# Boy Scouts, a little history



## CAS14 (Dec 28, 2012)

I grew up just outside a small town of 600. We had a small boy scout troop, and I belonged for perhaps two years, but gave it up as my friends and I went hiking, camping, fishing, etc. on our own far more than the organized scout troop. But in any case, I find the historical connection between scouts and sticks interesting. I'll try to find a very short article that I published in the Tulsa Geological Society magazine in 2013. Meanwhile, this was interesting to me:

https://en.wikipedia.org/wiki/Scout_staff


----------



## CAS14 (Dec 28, 2012)

I found the image that was the inspiration for my first walking stick: http://troop142bsa.org/sketchbook/Hiking%20Stick.pdf

This image followed this brief text:

"I enjoy long hikes through the woods and geological field trips. But, now my knees are shot. So recently I have begun to learn how to make walking sticks. Some geologists may opt to use their old Jacob's staffs on field trips, for support up and down the outcrop and to measure the beds.

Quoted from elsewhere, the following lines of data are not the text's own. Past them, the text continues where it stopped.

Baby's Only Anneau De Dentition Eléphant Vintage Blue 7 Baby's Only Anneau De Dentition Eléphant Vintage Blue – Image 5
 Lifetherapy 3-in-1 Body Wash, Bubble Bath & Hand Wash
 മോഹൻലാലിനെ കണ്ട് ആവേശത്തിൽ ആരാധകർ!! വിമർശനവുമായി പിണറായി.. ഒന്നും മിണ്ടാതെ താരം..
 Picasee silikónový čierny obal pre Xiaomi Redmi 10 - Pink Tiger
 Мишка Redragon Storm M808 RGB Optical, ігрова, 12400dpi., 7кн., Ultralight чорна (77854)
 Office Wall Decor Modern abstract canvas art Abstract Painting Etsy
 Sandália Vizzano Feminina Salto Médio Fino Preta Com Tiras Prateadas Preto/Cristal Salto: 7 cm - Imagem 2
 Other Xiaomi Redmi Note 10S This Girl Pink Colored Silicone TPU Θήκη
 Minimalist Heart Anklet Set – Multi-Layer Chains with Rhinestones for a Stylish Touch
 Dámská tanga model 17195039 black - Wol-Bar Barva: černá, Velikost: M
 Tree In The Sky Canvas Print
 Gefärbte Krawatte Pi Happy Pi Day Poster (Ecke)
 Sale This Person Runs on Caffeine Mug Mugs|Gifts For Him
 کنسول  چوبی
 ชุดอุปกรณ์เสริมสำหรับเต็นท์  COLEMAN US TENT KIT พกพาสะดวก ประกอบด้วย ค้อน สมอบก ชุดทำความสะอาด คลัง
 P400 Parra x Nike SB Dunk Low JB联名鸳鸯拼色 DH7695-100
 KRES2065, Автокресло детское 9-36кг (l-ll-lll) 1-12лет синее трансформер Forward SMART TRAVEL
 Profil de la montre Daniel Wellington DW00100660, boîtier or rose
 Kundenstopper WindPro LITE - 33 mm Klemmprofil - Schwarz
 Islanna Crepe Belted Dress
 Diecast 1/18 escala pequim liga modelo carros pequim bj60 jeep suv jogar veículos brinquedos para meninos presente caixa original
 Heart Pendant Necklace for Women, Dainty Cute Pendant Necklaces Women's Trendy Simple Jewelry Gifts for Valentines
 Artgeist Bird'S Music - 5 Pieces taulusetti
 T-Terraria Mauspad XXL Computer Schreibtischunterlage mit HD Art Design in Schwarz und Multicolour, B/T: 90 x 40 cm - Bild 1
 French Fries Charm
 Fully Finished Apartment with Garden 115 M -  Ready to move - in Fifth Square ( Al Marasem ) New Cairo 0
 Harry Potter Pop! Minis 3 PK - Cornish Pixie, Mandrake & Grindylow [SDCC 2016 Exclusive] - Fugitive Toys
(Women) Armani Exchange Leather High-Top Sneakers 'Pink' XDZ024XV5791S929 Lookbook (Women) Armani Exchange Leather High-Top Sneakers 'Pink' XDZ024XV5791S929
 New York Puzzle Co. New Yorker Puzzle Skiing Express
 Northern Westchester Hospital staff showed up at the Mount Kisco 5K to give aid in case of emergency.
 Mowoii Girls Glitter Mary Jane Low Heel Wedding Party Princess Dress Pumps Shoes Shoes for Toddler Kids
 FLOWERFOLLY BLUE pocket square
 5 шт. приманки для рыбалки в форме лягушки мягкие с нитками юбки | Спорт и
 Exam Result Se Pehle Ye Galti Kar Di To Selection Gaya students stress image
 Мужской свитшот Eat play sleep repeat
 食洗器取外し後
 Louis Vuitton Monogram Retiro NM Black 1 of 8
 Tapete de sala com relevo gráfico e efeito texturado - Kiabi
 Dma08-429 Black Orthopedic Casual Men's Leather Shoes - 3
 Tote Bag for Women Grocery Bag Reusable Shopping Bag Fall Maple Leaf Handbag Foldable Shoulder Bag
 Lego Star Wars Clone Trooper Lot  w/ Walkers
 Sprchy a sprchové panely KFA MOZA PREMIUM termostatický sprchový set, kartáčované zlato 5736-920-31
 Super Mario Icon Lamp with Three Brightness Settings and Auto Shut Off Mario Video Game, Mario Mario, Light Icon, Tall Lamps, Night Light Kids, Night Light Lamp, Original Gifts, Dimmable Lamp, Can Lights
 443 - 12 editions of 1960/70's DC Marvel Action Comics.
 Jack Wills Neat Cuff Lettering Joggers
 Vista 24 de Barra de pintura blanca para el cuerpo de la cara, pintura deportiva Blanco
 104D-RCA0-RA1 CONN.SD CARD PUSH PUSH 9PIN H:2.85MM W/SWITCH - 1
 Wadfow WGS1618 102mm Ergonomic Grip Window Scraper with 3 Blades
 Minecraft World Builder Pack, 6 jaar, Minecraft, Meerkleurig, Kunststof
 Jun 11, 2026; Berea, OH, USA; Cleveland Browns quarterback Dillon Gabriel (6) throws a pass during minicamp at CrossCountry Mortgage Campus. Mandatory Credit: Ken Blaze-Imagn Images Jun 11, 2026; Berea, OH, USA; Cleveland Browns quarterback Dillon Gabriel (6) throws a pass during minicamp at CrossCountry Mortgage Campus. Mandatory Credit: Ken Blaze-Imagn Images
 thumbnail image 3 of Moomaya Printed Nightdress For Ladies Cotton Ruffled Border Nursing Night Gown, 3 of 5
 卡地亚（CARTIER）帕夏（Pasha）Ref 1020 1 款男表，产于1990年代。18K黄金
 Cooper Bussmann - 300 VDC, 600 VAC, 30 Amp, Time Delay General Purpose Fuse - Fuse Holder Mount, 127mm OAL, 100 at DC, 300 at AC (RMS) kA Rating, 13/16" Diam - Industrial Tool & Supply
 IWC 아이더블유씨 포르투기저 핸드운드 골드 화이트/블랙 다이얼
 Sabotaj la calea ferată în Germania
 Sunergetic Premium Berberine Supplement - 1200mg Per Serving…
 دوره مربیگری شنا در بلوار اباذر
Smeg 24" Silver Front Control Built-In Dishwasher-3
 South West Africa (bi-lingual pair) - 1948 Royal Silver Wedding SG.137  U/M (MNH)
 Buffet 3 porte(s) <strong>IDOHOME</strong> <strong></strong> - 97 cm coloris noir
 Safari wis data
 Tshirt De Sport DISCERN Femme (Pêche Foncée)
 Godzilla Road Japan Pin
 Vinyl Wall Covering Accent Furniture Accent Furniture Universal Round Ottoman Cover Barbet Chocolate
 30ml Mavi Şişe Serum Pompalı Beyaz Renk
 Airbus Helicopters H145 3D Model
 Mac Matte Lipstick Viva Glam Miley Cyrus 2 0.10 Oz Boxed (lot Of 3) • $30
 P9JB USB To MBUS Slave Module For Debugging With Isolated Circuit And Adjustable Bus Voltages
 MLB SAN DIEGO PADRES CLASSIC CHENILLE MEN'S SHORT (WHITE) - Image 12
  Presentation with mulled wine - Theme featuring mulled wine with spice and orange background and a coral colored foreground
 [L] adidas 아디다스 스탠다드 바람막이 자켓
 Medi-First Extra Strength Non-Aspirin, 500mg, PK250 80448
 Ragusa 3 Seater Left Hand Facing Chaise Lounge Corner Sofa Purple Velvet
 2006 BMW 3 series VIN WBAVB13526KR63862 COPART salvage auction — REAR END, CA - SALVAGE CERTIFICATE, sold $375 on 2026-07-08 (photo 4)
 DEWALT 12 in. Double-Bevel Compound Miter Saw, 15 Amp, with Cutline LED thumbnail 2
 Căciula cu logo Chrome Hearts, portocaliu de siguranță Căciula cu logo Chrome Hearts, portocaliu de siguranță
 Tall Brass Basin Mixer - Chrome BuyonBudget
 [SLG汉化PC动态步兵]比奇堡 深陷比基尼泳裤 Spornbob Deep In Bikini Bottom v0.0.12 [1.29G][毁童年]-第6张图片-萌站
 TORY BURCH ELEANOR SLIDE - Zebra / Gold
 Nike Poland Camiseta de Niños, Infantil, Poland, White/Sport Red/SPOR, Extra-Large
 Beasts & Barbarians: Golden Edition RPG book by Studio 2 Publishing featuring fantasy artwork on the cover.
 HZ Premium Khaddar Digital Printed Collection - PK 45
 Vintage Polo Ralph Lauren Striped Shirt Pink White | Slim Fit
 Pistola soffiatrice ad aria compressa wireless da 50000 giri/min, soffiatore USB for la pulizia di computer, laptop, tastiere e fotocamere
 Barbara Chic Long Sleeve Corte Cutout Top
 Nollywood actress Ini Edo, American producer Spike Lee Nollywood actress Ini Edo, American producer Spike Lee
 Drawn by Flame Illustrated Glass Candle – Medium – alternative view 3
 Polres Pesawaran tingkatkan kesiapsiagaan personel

This scouting brochure provides suggestions on how you might make a custom walking stick that incorporates features for measuring anything found in the great outdoors. Soon, I will make a walking stick specifically for geological field trips. It will not look like the Scout Stave, but measuring marks will be incorporated. Please contact me if you're interested."


----------



## Rodney (Jun 12, 2015)

Very cool.

Rodney


----------